Supplied material:

==*==

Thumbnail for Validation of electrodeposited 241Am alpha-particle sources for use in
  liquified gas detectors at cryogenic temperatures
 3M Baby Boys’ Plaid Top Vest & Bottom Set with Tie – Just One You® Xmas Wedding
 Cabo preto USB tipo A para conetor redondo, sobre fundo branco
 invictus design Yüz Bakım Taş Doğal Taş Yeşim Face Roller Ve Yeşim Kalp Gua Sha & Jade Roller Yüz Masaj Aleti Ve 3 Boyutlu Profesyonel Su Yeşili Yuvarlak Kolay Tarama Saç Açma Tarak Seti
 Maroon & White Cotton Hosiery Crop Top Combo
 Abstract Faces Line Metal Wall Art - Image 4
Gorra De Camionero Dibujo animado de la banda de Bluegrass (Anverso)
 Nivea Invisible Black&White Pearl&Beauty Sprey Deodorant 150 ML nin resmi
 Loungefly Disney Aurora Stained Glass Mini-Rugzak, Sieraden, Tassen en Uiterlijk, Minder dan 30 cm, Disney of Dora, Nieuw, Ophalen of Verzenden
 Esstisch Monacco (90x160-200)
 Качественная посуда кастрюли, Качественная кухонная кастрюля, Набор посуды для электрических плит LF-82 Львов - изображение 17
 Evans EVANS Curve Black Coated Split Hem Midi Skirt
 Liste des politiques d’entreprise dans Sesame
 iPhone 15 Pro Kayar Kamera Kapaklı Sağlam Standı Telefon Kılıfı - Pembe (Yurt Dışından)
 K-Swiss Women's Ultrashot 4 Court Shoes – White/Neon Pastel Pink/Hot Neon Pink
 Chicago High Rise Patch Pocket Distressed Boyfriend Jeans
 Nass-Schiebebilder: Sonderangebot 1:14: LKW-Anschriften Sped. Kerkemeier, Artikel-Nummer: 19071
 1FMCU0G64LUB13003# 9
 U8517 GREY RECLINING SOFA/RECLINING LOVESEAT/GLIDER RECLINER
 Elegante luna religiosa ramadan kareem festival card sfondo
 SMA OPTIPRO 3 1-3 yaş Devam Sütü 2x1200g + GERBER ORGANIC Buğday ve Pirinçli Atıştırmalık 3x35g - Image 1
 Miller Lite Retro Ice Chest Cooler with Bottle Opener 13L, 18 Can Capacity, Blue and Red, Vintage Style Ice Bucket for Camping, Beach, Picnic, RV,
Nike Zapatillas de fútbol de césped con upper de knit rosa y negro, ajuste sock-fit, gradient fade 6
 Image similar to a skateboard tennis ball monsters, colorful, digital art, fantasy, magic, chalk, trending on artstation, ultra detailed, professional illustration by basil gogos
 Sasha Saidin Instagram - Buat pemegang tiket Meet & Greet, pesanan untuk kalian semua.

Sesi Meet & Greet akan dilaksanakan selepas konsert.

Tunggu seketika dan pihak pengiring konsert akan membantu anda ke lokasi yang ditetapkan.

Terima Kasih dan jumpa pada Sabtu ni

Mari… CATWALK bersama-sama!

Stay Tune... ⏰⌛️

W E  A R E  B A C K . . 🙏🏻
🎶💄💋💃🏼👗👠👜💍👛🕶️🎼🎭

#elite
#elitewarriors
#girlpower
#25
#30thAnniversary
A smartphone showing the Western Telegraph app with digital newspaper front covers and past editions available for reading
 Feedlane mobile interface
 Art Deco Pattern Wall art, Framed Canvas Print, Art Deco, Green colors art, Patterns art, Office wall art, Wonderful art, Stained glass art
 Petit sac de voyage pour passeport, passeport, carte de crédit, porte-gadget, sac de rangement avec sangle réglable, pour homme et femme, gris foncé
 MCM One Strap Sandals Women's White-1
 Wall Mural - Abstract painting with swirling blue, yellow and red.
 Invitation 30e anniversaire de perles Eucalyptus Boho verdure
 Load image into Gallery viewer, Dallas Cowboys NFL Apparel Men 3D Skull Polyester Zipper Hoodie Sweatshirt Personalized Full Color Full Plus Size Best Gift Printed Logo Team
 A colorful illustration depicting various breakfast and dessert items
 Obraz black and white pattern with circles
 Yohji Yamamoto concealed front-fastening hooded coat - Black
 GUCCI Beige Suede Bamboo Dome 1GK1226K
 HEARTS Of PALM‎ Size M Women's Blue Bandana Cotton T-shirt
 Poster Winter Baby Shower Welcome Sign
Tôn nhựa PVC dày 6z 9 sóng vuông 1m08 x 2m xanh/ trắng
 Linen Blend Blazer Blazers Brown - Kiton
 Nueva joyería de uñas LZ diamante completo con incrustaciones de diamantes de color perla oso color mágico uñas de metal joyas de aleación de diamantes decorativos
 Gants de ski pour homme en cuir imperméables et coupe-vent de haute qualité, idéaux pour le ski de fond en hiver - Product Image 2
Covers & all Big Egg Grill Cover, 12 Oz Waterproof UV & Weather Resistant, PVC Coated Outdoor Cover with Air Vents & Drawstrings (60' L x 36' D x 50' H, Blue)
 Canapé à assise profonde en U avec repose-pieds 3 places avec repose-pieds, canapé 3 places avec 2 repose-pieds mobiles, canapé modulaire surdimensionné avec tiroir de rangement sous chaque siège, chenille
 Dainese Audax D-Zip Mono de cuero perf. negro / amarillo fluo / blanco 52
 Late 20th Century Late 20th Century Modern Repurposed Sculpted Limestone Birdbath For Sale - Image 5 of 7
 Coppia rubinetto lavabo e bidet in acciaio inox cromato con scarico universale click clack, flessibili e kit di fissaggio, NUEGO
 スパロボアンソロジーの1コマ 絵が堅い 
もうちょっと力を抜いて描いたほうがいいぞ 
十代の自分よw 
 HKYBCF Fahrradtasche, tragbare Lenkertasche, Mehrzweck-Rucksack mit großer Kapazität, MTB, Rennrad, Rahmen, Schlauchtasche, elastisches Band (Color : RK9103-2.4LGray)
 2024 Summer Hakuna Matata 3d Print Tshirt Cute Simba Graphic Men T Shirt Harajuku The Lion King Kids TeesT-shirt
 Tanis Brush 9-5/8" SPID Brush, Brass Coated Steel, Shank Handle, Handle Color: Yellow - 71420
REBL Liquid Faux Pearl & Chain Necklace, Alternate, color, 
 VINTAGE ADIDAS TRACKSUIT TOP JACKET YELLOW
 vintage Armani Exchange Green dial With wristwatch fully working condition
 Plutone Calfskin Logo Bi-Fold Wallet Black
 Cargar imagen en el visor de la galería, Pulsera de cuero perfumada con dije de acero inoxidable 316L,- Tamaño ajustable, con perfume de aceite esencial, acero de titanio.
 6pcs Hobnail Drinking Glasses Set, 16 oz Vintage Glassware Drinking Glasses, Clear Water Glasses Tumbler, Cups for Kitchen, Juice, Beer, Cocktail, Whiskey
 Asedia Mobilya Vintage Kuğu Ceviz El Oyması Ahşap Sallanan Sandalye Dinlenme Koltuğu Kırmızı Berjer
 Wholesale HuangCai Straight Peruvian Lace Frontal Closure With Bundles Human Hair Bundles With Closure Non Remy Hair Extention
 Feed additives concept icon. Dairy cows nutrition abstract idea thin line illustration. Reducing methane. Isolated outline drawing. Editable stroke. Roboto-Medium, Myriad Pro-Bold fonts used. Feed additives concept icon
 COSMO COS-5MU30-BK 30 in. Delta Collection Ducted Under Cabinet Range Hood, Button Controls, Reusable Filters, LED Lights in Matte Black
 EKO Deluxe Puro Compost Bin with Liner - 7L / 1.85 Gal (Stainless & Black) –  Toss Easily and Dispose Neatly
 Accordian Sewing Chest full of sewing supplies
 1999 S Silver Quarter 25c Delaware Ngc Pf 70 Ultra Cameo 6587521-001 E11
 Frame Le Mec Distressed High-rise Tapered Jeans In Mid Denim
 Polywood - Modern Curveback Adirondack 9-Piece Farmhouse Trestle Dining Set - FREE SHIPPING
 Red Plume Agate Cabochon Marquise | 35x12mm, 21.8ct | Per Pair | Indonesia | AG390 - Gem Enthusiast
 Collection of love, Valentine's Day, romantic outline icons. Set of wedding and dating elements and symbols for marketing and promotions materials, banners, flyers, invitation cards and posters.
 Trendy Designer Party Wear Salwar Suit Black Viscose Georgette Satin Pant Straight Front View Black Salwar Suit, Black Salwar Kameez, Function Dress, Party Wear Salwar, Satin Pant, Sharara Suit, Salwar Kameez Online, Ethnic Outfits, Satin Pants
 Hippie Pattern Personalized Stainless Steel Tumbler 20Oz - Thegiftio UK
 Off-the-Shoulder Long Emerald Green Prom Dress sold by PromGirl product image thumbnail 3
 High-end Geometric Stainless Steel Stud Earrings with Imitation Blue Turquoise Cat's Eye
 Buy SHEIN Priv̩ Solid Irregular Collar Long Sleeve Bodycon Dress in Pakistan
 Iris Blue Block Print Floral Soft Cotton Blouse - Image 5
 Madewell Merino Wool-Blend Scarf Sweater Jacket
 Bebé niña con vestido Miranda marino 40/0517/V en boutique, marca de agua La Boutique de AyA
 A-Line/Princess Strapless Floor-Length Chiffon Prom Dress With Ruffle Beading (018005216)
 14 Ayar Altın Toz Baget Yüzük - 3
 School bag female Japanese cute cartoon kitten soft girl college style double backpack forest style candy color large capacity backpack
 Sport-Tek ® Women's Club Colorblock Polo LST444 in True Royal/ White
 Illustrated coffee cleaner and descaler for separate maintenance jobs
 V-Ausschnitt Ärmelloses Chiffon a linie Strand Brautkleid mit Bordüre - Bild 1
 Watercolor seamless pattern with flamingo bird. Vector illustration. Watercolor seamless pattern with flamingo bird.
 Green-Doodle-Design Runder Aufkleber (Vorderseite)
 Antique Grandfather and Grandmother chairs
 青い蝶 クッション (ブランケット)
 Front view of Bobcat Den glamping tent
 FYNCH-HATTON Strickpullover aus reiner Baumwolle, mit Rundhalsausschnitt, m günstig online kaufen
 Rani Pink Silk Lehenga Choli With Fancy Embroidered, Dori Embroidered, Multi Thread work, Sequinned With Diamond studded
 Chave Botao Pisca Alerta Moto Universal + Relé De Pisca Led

==*==

Assignment:
Copy out word for word each line of the listing, from the very first line down to the line containing "Cabo preto USB", and stop after that line.

Solved problem:
Thumbnail for Validation of electrodeposited 241Am alpha-particle sources for use in
  liquified gas detectors at cryogenic temperatures
 3M Baby Boys’ Plaid Top Vest & Bottom Set with Tie – Just One You® Xmas Wedding
 Cabo preto USB tipo A para conetor redondo, sobre fundo branco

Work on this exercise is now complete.